Greetings.
Felt this was an appropriate place to enter the forum dialogue.
My opinion is that Civ 5 is a great strategy game.
After the G&K expansion, gameplay improved considerably.
Things that I like about the game....
1. Military.
1upt is a brilliant addition to the civ franchise.
The combination of Ranged units, mounted units, melee units, and customisable promotion paths allow you to have a wide variety of strategies both against human and AI players.
The different types of military units combined with the terrain of your combat zones also influence the strategic placement of military units for both attack and defence.

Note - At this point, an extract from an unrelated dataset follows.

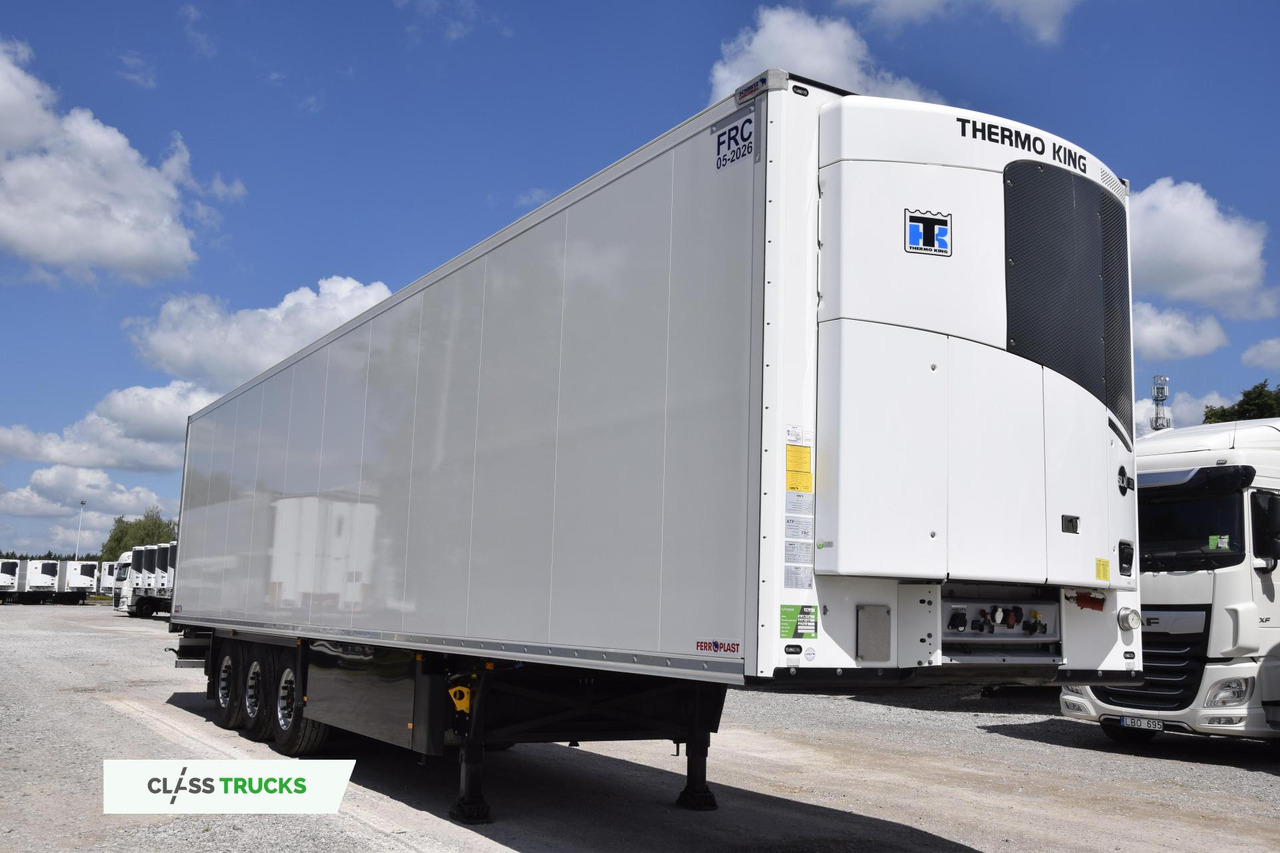 Schmitz Cargobull SKO FP 60 ThermoKing SLXi 300 - Refrigerator semi-trailer: picture 3 Schmitz Cargobull SKO FP 60 ThermoKing SLXi 300 - Refrigerator semi-trailer: picture 3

The introduction of 100 HP in the G&K expansion also improved the gameplay.
2. City management.
The maintenance costs of buildings forces you to make strategic advances in your building choice, particularly on higher difficulty levels. Combined with a very limited production time, this makes it very difficult until the really late game to spam buildings.
Instead, I have found that long term city planning strategies such as designating one city to build military units (place near Iron, place manufacturies around it, build buildings to give military promotions,) coupled with one science based city, (jungle tiles, academies, on river for population growth rather than production priority), and a financial centre (treasury, luxury resources, trading posts) is a good way to go.
3. Tech tree and inflation.
The balance of the tech tree is near perfect, with the increase in science to fund new technologies as well as the increase in production to build new units advancing at a rate such that runaway tech leaders do not often happen. (Although one time France AI won a space victory in 1831, but that was an exception to the rule.)
The tech tree also offers long term research plans that allow certain areas of tech to be left for long periods of time while developing huge advancements in other areas. This allows for different approaches to both domination attack strategy (land units, naval units, mounted units) and non-aggressive strategy (economic prowess, or technological prowess?)
4. Social policies.
The social policy tree system also allows for a lot of variability in play style. Foor example, A non-aggressive civ trying for a cultural victory surrounded by aggressors may just be saved by completing the universal suffrage policy, allowing them to field a larger army for defensive purposes. Combining this with oligarchy from the tradition tree allows for a non-agressive no maintenance military force.
5. Diplomacy
The unpredictability of the AI and their willingness to betray you to further their own agenda makes for a far more humanlike experience in the single player game.
The AI military strategy may need some improvement, since they don't really understand strategic placement or terrain benefits, but a large attack force combined with a sudden reversal of friendship can leave your empire ravaged before you have time to respond.
The AI can be reasoned with and bought off, and also played off against each other, under the right circumstances. The fact that they remember your agressive advances against other civs also serves as a limiting factor in the expansion of your empire.
6. City states.
The introduction of city states opens up a new and interesting dynamic and allows for several strategic maneuvres against your opponents, such as donating military units to them to fight your enemies, resulting in a proxy war that can weaken a stronger empire as they lose troops but don't come near your empire.
7. Late game
I like the way that the technology advancement obsoletes certain city attack strategies, forcing you to rethink your attack plan mid game.
Here's a good example from a recent game I played as the Dutch. Having conquered North America in the medieval era, I started a long term naval plan to conquer the Romans in Asia. I brought in 3 Galleass from the Renaissance era, got them up to +1 Range and Logistics promotion, then upgraded to Frigates. Along with that, I build yourself 2 or 3 Sea Beggers (Dutch UU.)
It's time for naval domination. I send my ships across continent and start taking down Roman coastal cities one after another. And then.... the enemy discovers flight, places 3 bombers in a city which outrange your ships by 4 tiles, and bang, my navy is gone in 2 turns.
8. Modding community and Mods.
There are so many amazing mods made by dedicated enthusiasts that improve the game in so many ways that there's no time to list them all here. Suffice it to say the mods have been listed here on the forum and talked about already.
Things that aren't so good.
1. Turn times.
This game is carnage on the hardware, particularly on large and huge maps. Late game huge earth can take a full half hour to load if there are a few civs with airforces and naval fleets.
2. DLC.
DLC makes multiplay difficult. The cost for all the DLC is very high if you want to get everything. Currently I only have Vanilla + G&K, would love to try some more DLC but for the sake of playing a couple of scenarios or an extra Civ with no real game features, I say, stick with the modding community.
3. Multiplayer.
Lag, disconnectivity issues, inability to save games, poor servers and unfriendly server interface, to name a few things that are wrong with the multiplayer.
4. Lack of excersise and shirking of responsibility of adulthood.
The goodness of this game means that things I should have done months ago remain unfinished.
Very long first post, and thanks civfanatics for being a good forum.